Purim is a holy day based on the biblical book of Esther, known generally as the "Megillah" (scroll). Set in the Persian empire sometime in the 500s or 400s B.C.E., Esther is one of the only biblical books set in exile outside of Eretz Yisrael (the Land of Israel). The clueless king Achashverosh is duped by his adviser Haman to sign a decree to wipe out "a certain people" in his empire. Achashverosh does not realize that his new queen, Esther (Hadassah in Hebrew) is herself a Jew, who has kept her identity secret at the behest of her older cousin Mordechai. In the end, Esther and Mordechai save the Jews, destroy Haman, and ordain the holy day of Purim for all time.

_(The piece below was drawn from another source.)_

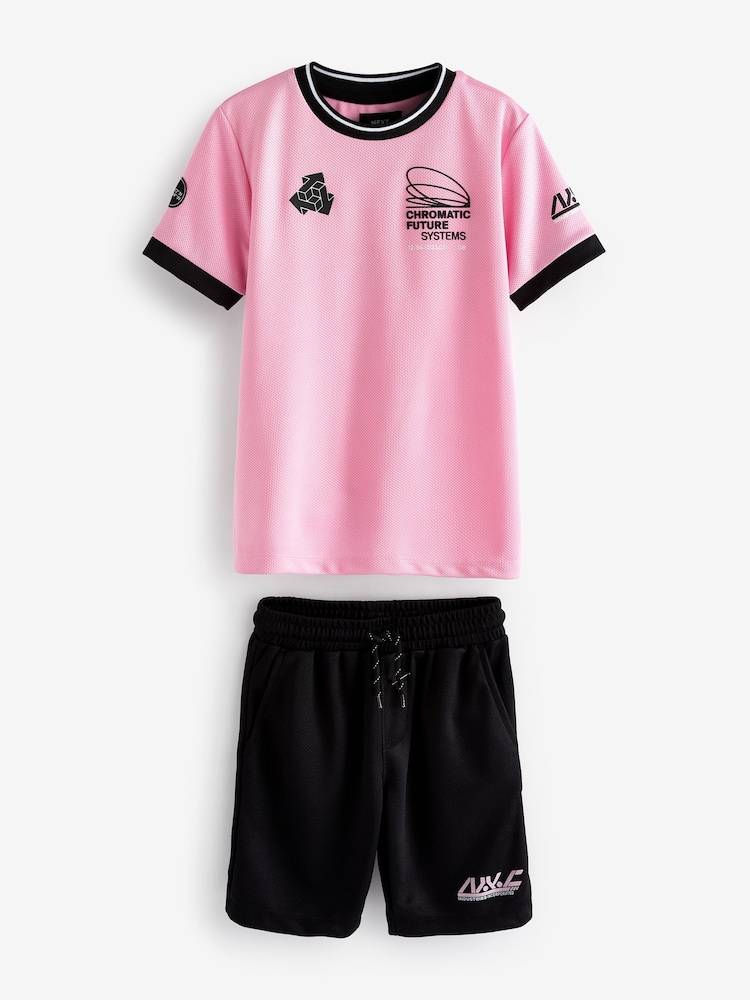 Pink/Black Mesh T-Shirt and Shorts Set (3-16yrs) - Image 1 of 4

Purim is named for the Hebrew word pur, which means a "lot" -- the date Haman chose for the massacre of the Jews was chosen by lot, but instead that became the time of self-defense.
Read the book as an adult, and there are all kinds of interesting themes:
- the role of women
- the explanations of where violence against Jews originates
- hidden and revealed identities
- fate, destiny, and choice
- the presence or absence of God
- the topsy-turvy symmetry of the story -- everything story element at the beginning is reversed by the end in some way
- allusions to other biblical characters, such as Joseph
Purim is celebrated by:
- the reading of the Megillah from a scroll, written and unfurled like a royal proclamation
- mishloach manot -- giving food to friends
- matanot la'evyonim -- giving tzedakah for poor people
It is customary to dress up in costume. Traditionally during the day of Purim, there is a "Purim Se'udah", a feast with wine and spoofing on some theme. According to the Talmud, one is supposed to reach a state where one can't tell the difference between "blessed is Mordechai" and "cursed is Haman" -- either by drinking or by sleeping. (These customs all connect to an underlying theme of a topsy-turvy world, where things are not as they seem or should be. An anthropologist would say that we act out that theme by sublimating it, channeling it and expressing it in safe ways before returning to regular life and soon to the more serious holy day of Pesach.)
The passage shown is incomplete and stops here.